#### What you have to do
When you reach the line containing "A Long Walk", start transcribing exactly and continue through the last line of the data, skipping every picture.

*** Begin section ***

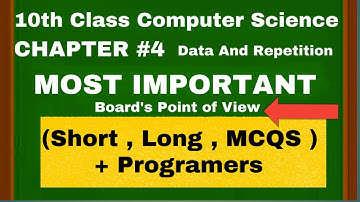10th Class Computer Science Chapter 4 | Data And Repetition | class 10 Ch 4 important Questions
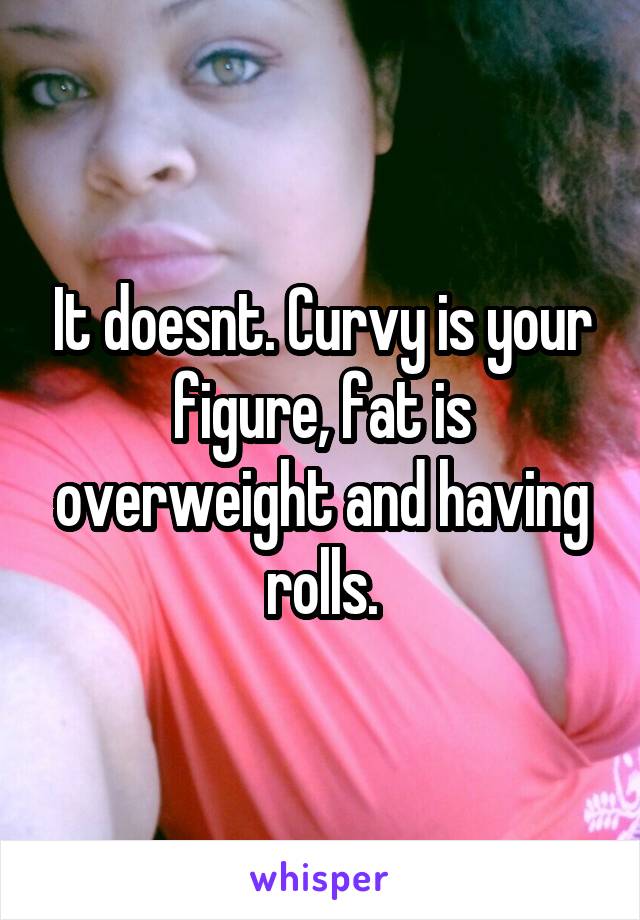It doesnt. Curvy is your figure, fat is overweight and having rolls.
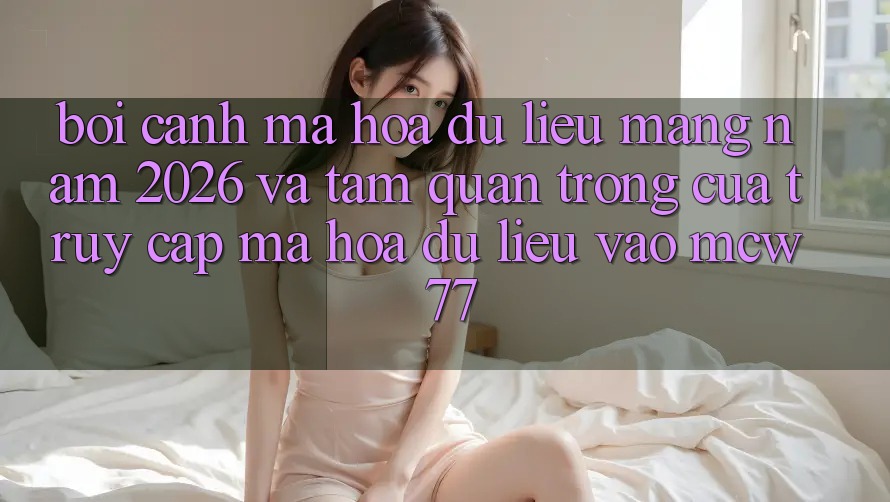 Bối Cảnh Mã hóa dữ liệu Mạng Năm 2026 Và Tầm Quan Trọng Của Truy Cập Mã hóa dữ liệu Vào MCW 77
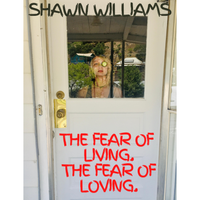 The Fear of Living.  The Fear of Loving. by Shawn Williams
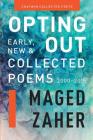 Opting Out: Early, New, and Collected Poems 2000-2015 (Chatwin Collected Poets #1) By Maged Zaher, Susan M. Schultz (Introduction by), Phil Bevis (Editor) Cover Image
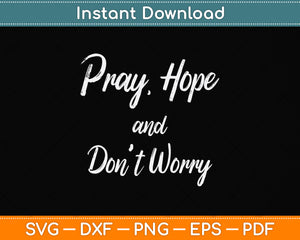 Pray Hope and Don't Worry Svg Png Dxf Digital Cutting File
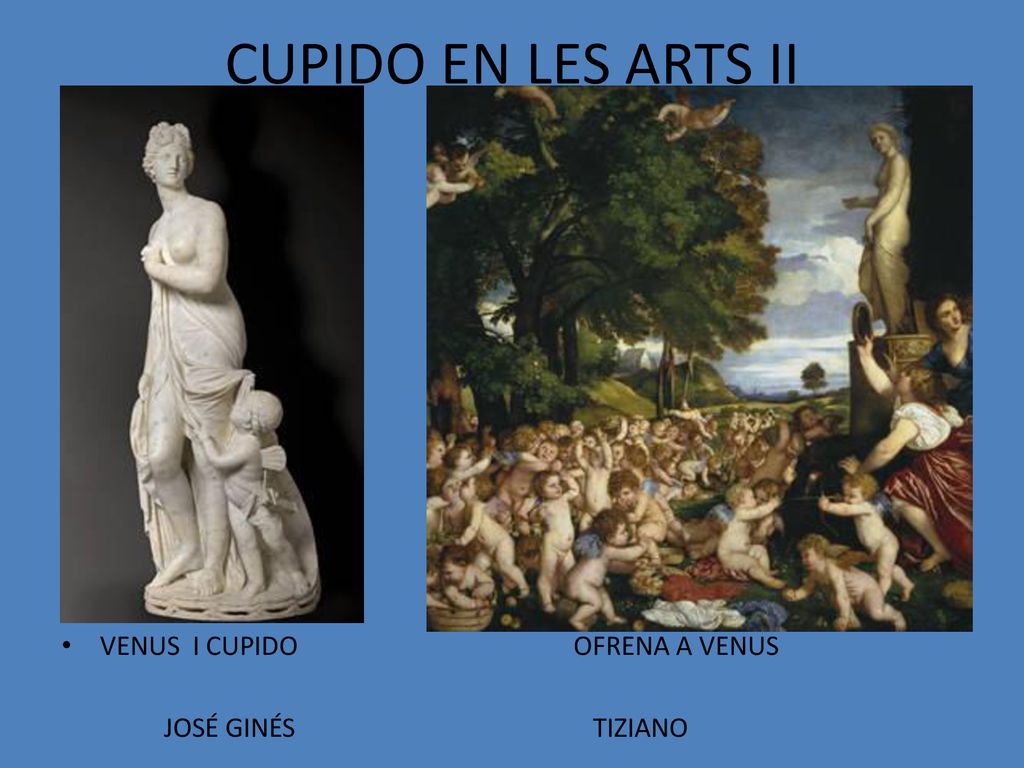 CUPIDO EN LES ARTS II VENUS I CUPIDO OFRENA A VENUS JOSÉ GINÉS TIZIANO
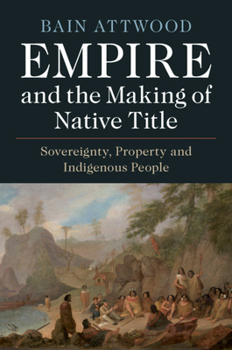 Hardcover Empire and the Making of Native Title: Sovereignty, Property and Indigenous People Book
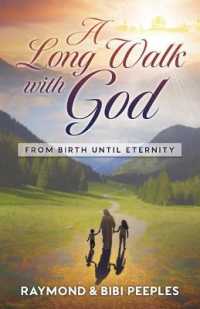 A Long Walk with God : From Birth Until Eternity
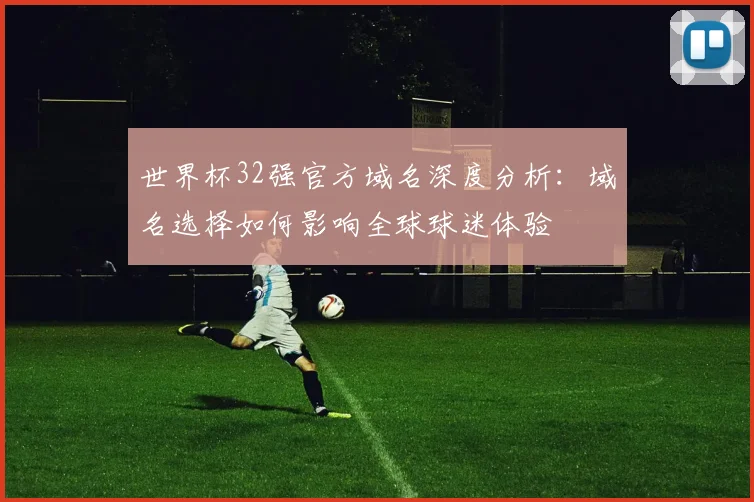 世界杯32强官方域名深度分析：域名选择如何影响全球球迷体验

*** End section ***

#### Your solution
 A Long Walk with God : From Birth Until Eternity
 世界杯32强官方域名深度分析：域名选择如何影响全球球迷体验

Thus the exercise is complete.